━━━━━ Supplied data

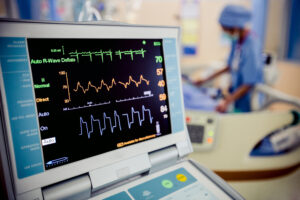 remote patient monitoring in India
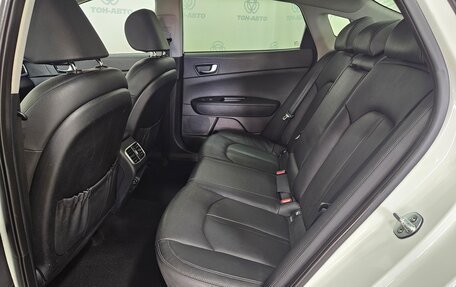 KIA Optima IV, 2019 год, 1 720 000 рублей, 16 фотография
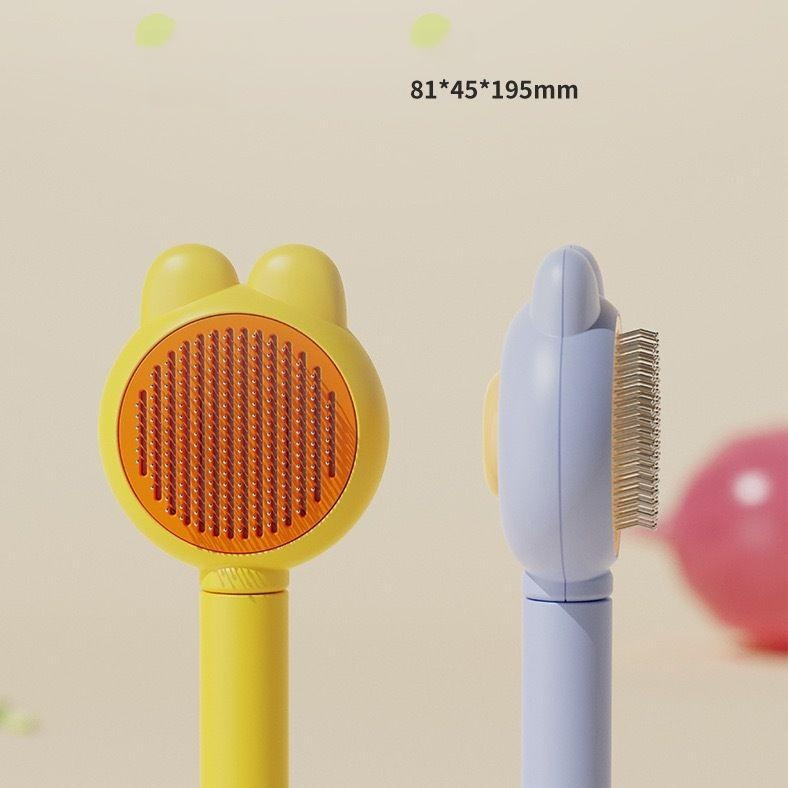 貓咪美容除毛刷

━━━━━━━━━━

--- Aim of the task ---
All the lines above should be reproduced exactly, and none of the pictures.

--- Solution to the problem ---
 remote patient monitoring in India
 KIA Optima IV, 2019 год, 1 720 000 рублей, 16 фотография
 貓咪美容除毛刷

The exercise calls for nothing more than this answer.